The purpose of the suit was to prevent by the remedy of an injunction the holding of a referendum under ss5B and 7A of the Constiution Act, 1902-1956 (NSW) on the question whether a bill for the abolition of the legislative council should be adopted.

Six members of the New South Wales Legislative Council, a member of its Legislative Assembly and a member of the Commonwealth House of Representatives
sought, from the New South Wales Supreme Court, declarations and injunctions preventing the holding of a referendum as part of the legislative process provided for by s 5B of the Constitution Act 1902 (NSW), upon the ground that the Bills to be submitted to the referendum had not been passed in the manner prescribed by s 5B. It was argued that there was no joint sitting as required by s 5B.

The Constitution Act 1902 (NSW) s. 5B, providing for a free conference of managers, then a joint sitting of both Houses, followed by a referendum when the two Houses disagree regarding a Bill (except one appropriating revenue for the ordinary annual services of government), was held to be valid.

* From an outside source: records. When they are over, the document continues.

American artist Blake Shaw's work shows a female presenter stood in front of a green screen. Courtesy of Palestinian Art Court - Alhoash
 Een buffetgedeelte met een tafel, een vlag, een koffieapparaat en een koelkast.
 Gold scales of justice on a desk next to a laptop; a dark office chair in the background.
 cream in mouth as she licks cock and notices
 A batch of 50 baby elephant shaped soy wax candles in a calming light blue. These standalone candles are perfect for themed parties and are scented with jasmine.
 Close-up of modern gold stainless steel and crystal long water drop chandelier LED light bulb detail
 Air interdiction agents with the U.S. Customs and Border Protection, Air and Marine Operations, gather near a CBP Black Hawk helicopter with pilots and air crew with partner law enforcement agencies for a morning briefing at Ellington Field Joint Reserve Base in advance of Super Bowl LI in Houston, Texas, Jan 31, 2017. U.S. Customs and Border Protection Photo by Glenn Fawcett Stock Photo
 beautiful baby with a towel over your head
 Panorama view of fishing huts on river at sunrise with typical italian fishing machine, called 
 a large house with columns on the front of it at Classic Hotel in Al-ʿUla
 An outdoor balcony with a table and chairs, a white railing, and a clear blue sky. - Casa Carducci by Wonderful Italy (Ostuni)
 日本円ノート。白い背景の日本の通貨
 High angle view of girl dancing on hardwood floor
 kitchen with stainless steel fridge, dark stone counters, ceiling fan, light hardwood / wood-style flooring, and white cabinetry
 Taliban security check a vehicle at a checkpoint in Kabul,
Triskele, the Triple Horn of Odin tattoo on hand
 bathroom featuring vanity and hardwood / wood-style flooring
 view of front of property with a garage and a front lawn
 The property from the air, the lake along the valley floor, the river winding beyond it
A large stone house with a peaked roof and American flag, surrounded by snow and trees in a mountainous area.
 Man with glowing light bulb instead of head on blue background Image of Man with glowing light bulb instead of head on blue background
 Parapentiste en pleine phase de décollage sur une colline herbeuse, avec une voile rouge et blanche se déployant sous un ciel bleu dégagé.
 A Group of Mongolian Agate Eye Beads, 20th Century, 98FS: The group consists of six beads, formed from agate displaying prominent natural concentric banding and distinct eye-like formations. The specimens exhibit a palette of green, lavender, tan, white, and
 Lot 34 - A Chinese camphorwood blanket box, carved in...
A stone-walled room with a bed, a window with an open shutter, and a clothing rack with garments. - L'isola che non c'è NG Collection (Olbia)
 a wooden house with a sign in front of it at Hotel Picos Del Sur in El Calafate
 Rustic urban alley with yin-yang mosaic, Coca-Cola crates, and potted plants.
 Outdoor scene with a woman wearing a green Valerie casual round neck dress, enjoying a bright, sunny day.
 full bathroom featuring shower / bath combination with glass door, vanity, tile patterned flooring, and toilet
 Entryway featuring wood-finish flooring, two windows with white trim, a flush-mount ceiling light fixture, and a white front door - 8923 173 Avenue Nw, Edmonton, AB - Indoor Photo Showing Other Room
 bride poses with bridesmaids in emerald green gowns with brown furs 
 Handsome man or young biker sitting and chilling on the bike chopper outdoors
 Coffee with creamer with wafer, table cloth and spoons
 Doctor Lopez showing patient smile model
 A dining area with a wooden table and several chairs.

For the purposes of the proceedings the defendants, who were Ministers of the Crown and Members of the Executive Council, conceded that an injunction would lie against them, restraining them from taking any steps towards the holding of a referendum if, in the events which had happened, it would be unconstitutional for the Bill to proceed to a referendum. The Supreme Court of New South Wales upheld the validity of s5B, and of the steps taken by the Legislative Assembly there under, and dismissed the suit.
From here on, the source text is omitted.